Ces deux modifications forceront les employeurs à revoir leur façon d’envisager les négociations collectives et les conflits de travail. La négociation d’ententes relatives au maintien des activités deviendra partie intégrante du processus de négociation, même s’il demeure probable que des différends surviennent concernant l’étendue des services essentiels devant être maintenus. L’interdiction de recourir à des travailleurs de remplacement pourrait entraîner des conséquences concrètes plus lourdes, surtout dans les secteurs où les travailleurs de remplacement ont, par le passé, permis d’assurer la continuité viable des activités pendant les arrêts de travail. Les grèves ou les lock-out qui se prolongent pourraient devenir plus onéreux. Même les employeurs qui se voient dans l’impossibilité de poursuivre leur exploitation pendant un conflit de travail, mais qui maintiennent certaines activités (notamment l’entretien, un arrêt de production, le soutien à la clientèle) devront se demander à qui ils pourront faire appel et quelles tâches pourront être accomplies après le début d’un conflit de travail.

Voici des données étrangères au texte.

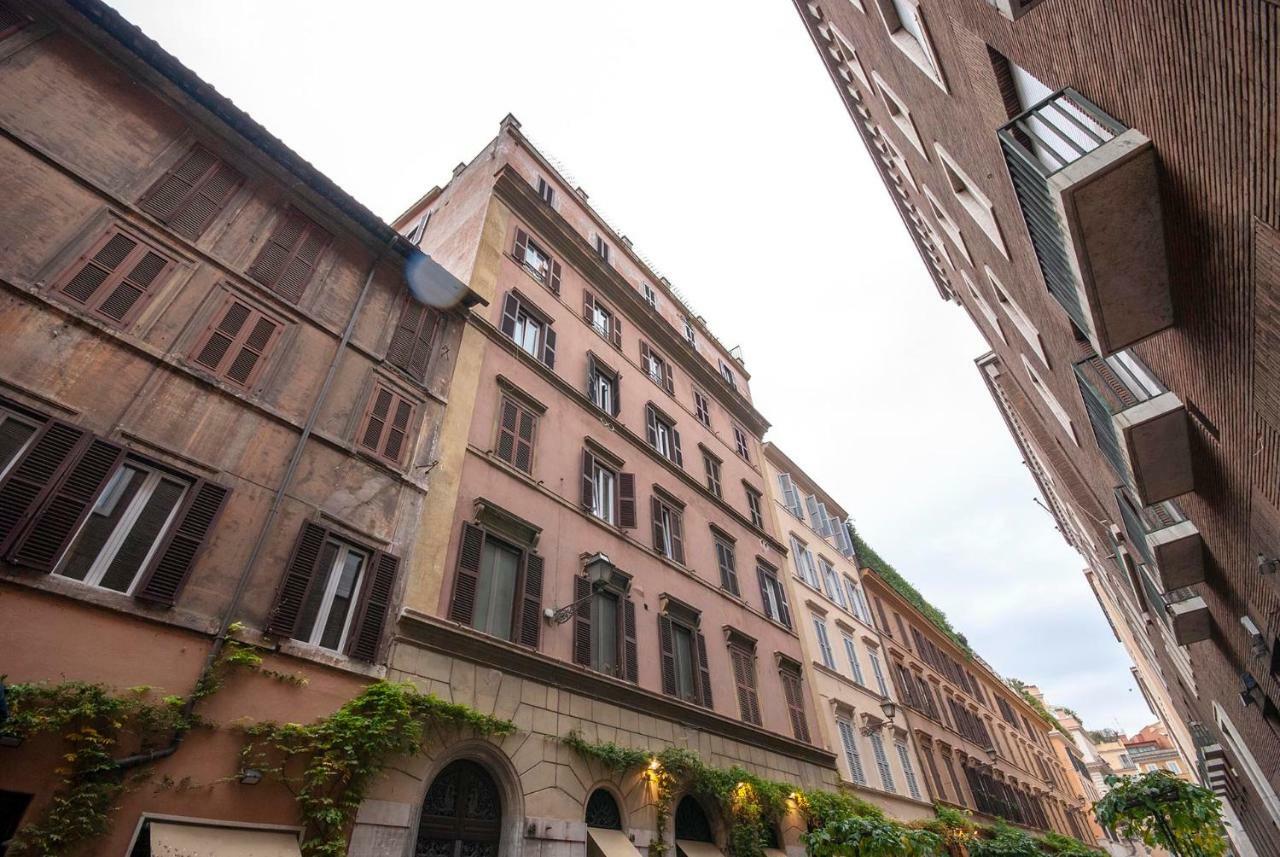 Via Del Corso Rom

Évolution de l’interdiction du recours aux travailleurs de remplacement au Canada

L’interdiction de recourir à des travailleurs de remplacement fait pencher le pouvoir de négociation des employeurs vers les syndicats dans le processus de négociation collective. Si les négociations aboutissent à une impasse, un arrêt de travail pourrait entraîner non seulement une réduction, mais éventuellement une cessation totale, du travail de l’unité de négociation. Si les interdictions de recours aux travailleurs de remplacement devaient être élargies davantage, les employeurs en subiraient des conséquences importantes. 

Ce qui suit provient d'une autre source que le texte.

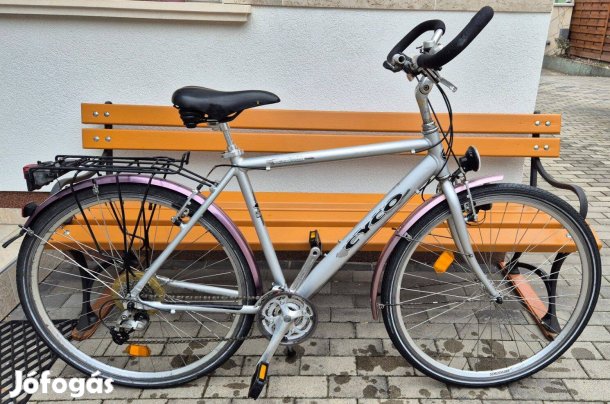 Trekking kerékpár bicikli, 28-as, aluvázas, 21 sebesség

Depuis l’adoption du projet de loi C-58 en juin 2024, l’interdiction de recours aux travailleurs de remplacement a été élargie deux fois au Canada :

  • Un tribunal de la Colombie-Britannique a élargi l’application de l’interdiction de recours aux travailleurs de remplacement à l’extérieur de la province. En août 2024, un tribunal de la Colombie-Britannique a déclaré que l’interdiction provinciale de recours aux travailleurs de remplacement pouvait avoir un effet extraterritorial afin d’empêcher qu’un employeur ne déménage les tâches d’une unité de négociation à l’extérieur de la province. Cette décision a été portée en appel et une décision est attendue prochainement. 

    L’issue de ce litige pourrait se répercuter sur la portée territoriale des interdictions de recours aux travailleurs de remplacement dans d’autres territoires, y compris au fédéral. Comme la compétence fédérale s’exerce sur tout le territoire canadien, un tel raisonnement signifierait qu’un employeur ne peut relocaliser les tâches d’une unité de négociation d’une entreprise de compétence fédérale à l’extérieur du Canada pendant un arrêt de travail.
  • Le Manitoba adopte une loi similaire. Avant 2024, seulement deux provinces canadiennes, soit la Colombie-Britannique et le Québec, étaient dotées d’une interdiction de recours aux travailleurs de remplacement. En novembre 2024, le Manitoba est devenu la troisième province à adopter une telle interdiction. Voir à ce sujet notre actualité juridique publiée en anglais seulement ici.

En date du 20 juin 2025, quatre territoires auront édicté des interdictions de recours à des travailleurs de remplacement (trois au palier provincial et une au palier fédéral). Il est aussi possible que la portée territoriale de ces interdictions fasse l’objet d’une interprétation large. Les faits nouveaux touchant cette question intéresseront particulièrement les employeurs comptant des employés syndiqués partout au Canada.

Notre équipe suit avec attention l’évolution des lois et de la jurisprudence en droit du travail canadien et publiera d’autres mises à jour au besoin.